TASK INPUTS:
++++++
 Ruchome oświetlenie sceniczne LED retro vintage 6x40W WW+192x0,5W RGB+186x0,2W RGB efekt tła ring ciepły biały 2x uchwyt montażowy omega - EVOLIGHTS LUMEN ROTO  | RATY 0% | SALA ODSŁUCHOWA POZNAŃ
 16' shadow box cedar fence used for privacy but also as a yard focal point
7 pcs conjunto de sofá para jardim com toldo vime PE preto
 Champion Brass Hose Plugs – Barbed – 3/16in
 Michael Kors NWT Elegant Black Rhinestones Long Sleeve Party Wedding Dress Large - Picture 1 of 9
++++++
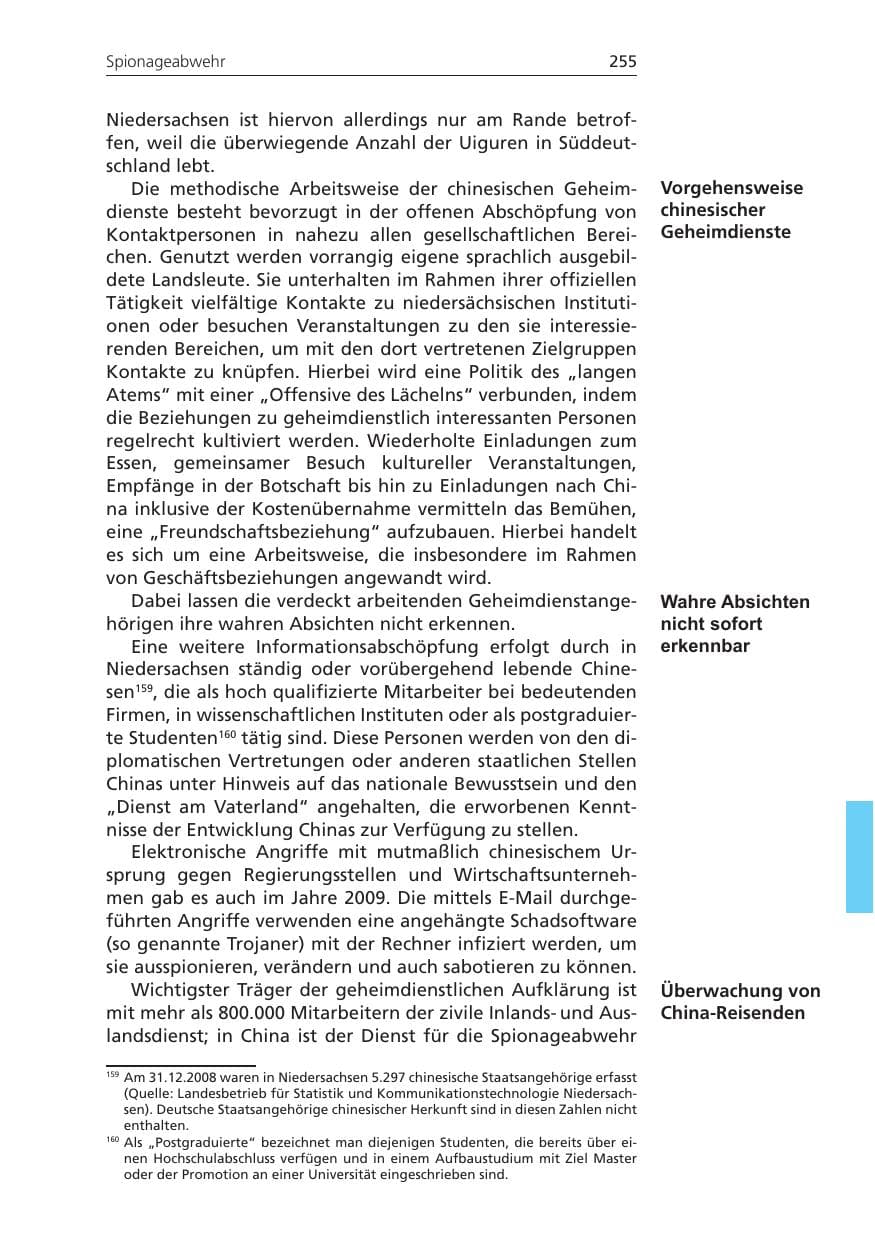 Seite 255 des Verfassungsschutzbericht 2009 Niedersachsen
++++++
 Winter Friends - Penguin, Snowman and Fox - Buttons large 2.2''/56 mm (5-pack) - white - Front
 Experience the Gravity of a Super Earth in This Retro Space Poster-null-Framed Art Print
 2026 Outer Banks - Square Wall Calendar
++++++
WHAT NEEDS TO BE DONE: One stretch of the lines above is wanted, from the line that contains "7 pcs conjunto" through the line that contains "Michael Kors NWT". Output it exactly.

TASK RESULT:
7 pcs conjunto de sofá para jardim com toldo vime PE preto
 Champion Brass Hose Plugs – Barbed – 3/16in
 Michael Kors NWT Elegant Black Rhinestones Long Sleeve Party Wedding Dress Large - Picture 1 of 9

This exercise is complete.